Hacker Newsnew | past | comments | ask | show | jobs | submitlogin
Learn Awk with Emacs (2020) (jherrlin.github.io)
96 points by nyc111 on Feb 19, 2022 | hide | past | favorite | 30 comments


I have started to use org babel for a lot of things these days. To just write little experiments, or do ephemeral tasks. This is especially useful when I want to operate on a db and remember the query, or have an org file that is like dashboard of views into a db, with lots of notes and links to other notes.

I use org-roam, and put a lot of things in dailies, so I have a temporal log of work that is easily searchable (using deft, or just rg). So much of the mental burden of where to put things is gone, they are in my journal now, and I can always tangle them into a file if I need to, and then I just start linking commits into org to continue to keep track.

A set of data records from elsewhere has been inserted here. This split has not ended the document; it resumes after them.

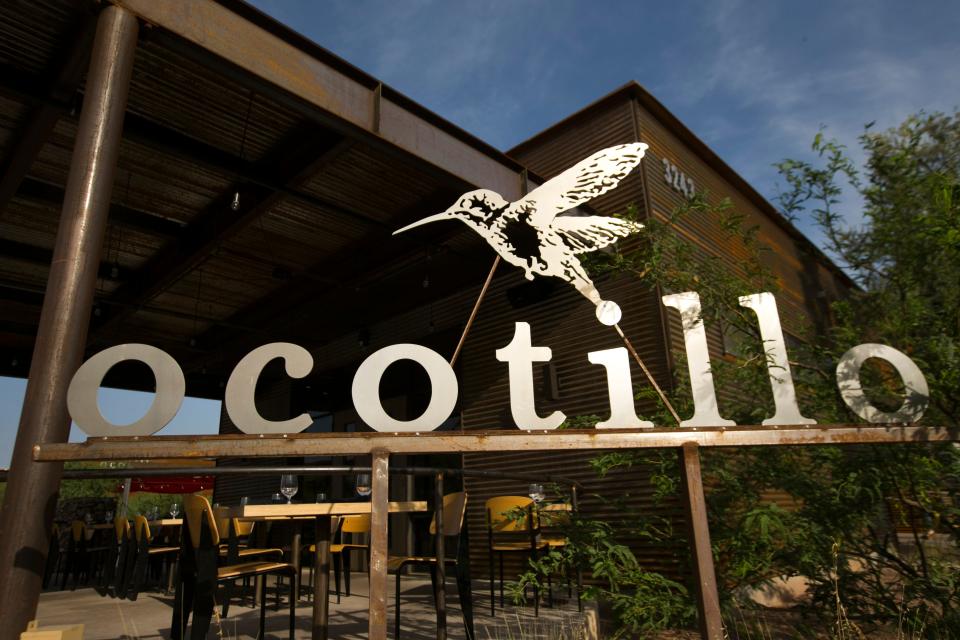 The outdoor patio at Ocotillo restaurant in Phoenix.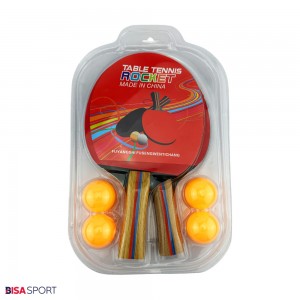 راکت پینگ پنگ جفتی به همراه 4 عدد توپ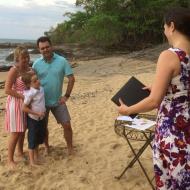 Skye, Michael (and Nate!), Renewal of Vows, Trinity Beach December 2014, Cairns Civil Marriage Celebrant, Melanie Serafin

Talk about tangling, I also have one big "system config" file that contains all of my rc files and other system configurations and scripts, with sensitive information encrypted transparently with org crypt. I just keep this all in my shared nextcloud Sync folder. I even have configuration and scripts for my homelab and personal server in other files!

Not only that, but I have started relying on org attach to keep a repository of miscellaneous files. Have some PDF or zipfile I dont want to forget about? I just attach it to the daily document and write some notes about it, and wherever I am I can get it. Even have started compressing old projects and "backing them up" into org.

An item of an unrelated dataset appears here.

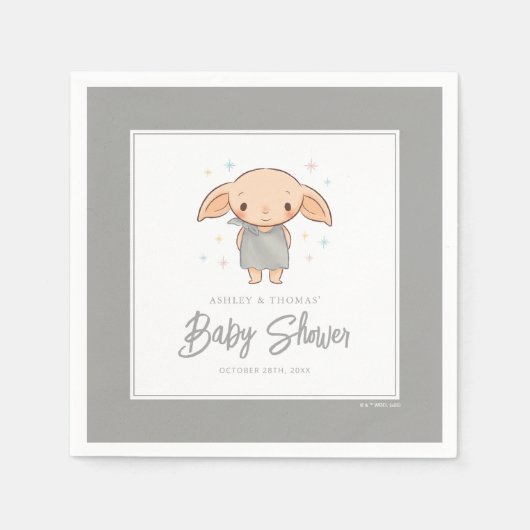 Simple Harry Potter - Dobby Baby Shower スタンダードカクテルナプキン (正面)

I work through SICP these days in an org babel document, with liberal tangling and noweb, and now I have a journal to myself of my progress, constantly linking to other nodes as I gain more concepts.

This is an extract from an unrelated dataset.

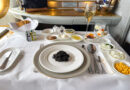 Caviar service in Emirates First Class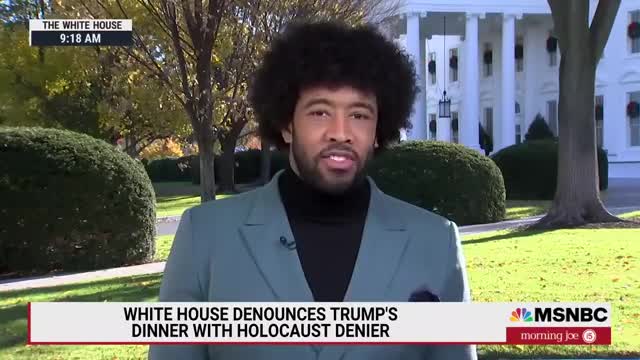 White House Denounces Trump's Dinner With Holocaust Denier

I am not a professional computer person, so I don't work with other people. I understand that this works for me because of that.


> I work through SICP these days in an org babel document

Would you mind sharing a bit more on your workflow? I am personally going through Crafting Interpreters myself, and I am struggling to organise my code and notes, since I am unable to get org-babel to work like in separate files, and build in one go.


Not GP, but I've done this before.

I don't have access to it at the moment, but I wrote a small shell script that invoked emacs (without running init.el/.emacs) and ran org tangle on a file. I incorporated that into a Makefile so it ran on every org file. I placed my org files in the same places (in the file system) as normal source files and had a 1-to-1 mapping of org files to <target language> files (C, Java, Lisp, Go, doesn't matter, done it all). 1-to-1 isn't necessary, I've also done one mega-file that tangled into many source files, including into subdirectories. After tangling, you can trigger any particular build system commands needed (like in rust, run `cargo build` or `cargo run`).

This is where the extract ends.